Configure one of the following:
Configure full capture by connecting an AutoDiscovery sensor to a mirrored switch port or a TAP device.
In both cases, the output rate must match the AlgoSec appliance collector rate and interface.
System requirements for full capture include the following:
Collection rates |
Supported collection rates are 250,000 packets(s) for an AlgoSec 2062 appliance-based collector and 1,000,000 packet(s) for an AlgoSec 2322 appliance. These are recommended collection rates, since AlgoSec AutoDiscovery is statistical in nature and a loss of a few packets has no adverse effect. |
ESX infrastructure |
In order to enable port mirroring for a Sensor is installed on an ESX server, the server must be configured in promiscuous mode and the traffic must be mirrored to a port group. Adding a Sensor to that port group will enable the Sensor to capture all of the traffic. |
Log formats |
From version 2.4.3, the Sensor can optionally receive traffic in the following log formats:
|
Port mirroring hardware requirements |
When installed in port mirroring mode, memory and CPU requirements depend on the amount of traffic monitored. Estimated minimum requirements include:
|
Note: For information on how to configure mirroring for a port, see your Switch/Router/Firewall documentation.

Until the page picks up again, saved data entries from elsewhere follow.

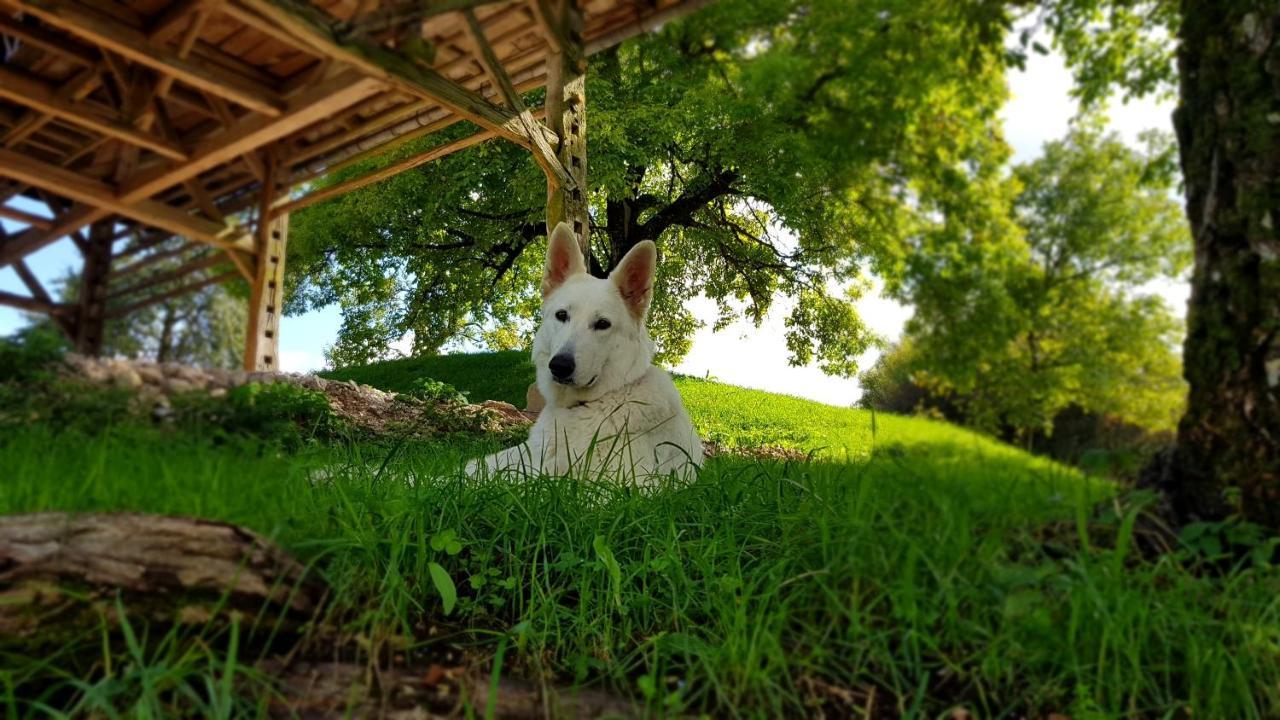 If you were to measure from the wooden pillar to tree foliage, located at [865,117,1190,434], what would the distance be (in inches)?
113

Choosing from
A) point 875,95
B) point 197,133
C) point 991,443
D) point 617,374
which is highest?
point 197,133

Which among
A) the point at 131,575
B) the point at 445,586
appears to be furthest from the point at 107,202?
the point at 445,586

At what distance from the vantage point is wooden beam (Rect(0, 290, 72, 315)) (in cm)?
247

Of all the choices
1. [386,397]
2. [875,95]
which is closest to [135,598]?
[875,95]

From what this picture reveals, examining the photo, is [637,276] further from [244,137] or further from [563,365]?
[244,137]

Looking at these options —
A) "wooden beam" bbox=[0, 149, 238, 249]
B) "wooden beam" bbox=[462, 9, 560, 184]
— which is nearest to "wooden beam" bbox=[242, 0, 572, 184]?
"wooden beam" bbox=[462, 9, 560, 184]

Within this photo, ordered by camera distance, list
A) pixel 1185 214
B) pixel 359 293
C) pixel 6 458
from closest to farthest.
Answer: pixel 6 458, pixel 1185 214, pixel 359 293

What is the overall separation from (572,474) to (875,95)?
2.27m

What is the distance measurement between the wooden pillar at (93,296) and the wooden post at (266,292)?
0.77 metres

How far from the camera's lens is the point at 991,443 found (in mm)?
2164

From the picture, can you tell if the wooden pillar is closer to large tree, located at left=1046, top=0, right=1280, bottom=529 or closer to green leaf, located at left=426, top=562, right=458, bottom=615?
green leaf, located at left=426, top=562, right=458, bottom=615

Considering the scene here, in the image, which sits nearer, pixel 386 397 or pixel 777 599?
pixel 777 599

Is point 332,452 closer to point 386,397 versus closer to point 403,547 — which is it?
point 403,547

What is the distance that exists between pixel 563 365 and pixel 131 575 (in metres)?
2.24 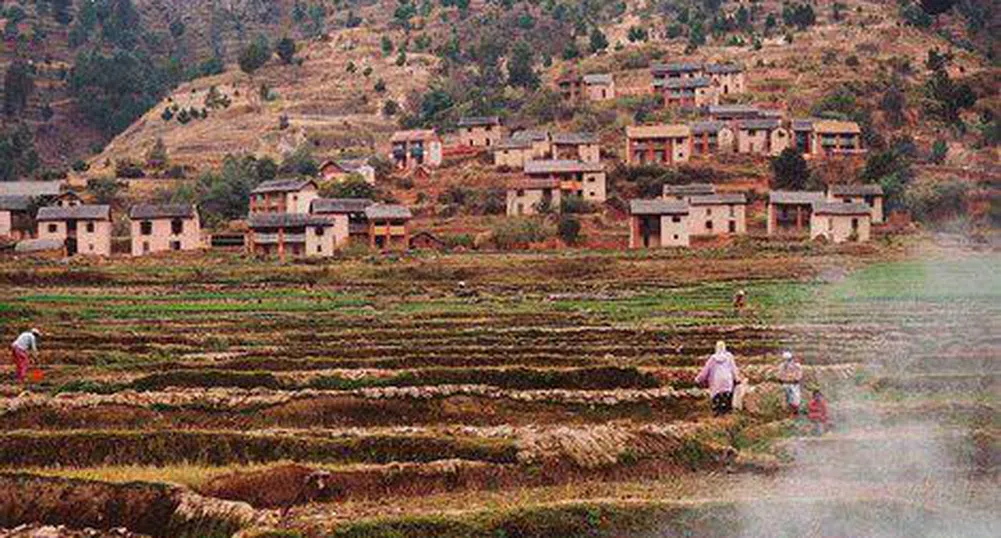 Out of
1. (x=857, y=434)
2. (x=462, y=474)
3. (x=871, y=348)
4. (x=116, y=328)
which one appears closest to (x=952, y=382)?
(x=857, y=434)

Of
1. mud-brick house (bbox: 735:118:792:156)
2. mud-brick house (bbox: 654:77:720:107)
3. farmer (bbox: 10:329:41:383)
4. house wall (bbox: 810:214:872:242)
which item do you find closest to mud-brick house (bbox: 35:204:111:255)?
house wall (bbox: 810:214:872:242)

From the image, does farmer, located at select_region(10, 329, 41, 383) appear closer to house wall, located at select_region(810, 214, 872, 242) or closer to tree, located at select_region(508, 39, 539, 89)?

TCPReplay enables full traffic capture by simulating the traffic in collected PCAP files and sending that traffic to the AutoDiscovery sensor.
For example, use TCPReplay to collect PCAP files as follows:
- By Packet Brokers, such as VSS or Fluke
- By open source tools, such as Ethereal or TCPdump
Tip: Multiple PCAP files can be merged and played back simultaneously. This requires timing synchronization of better than 1 ms when collecting data.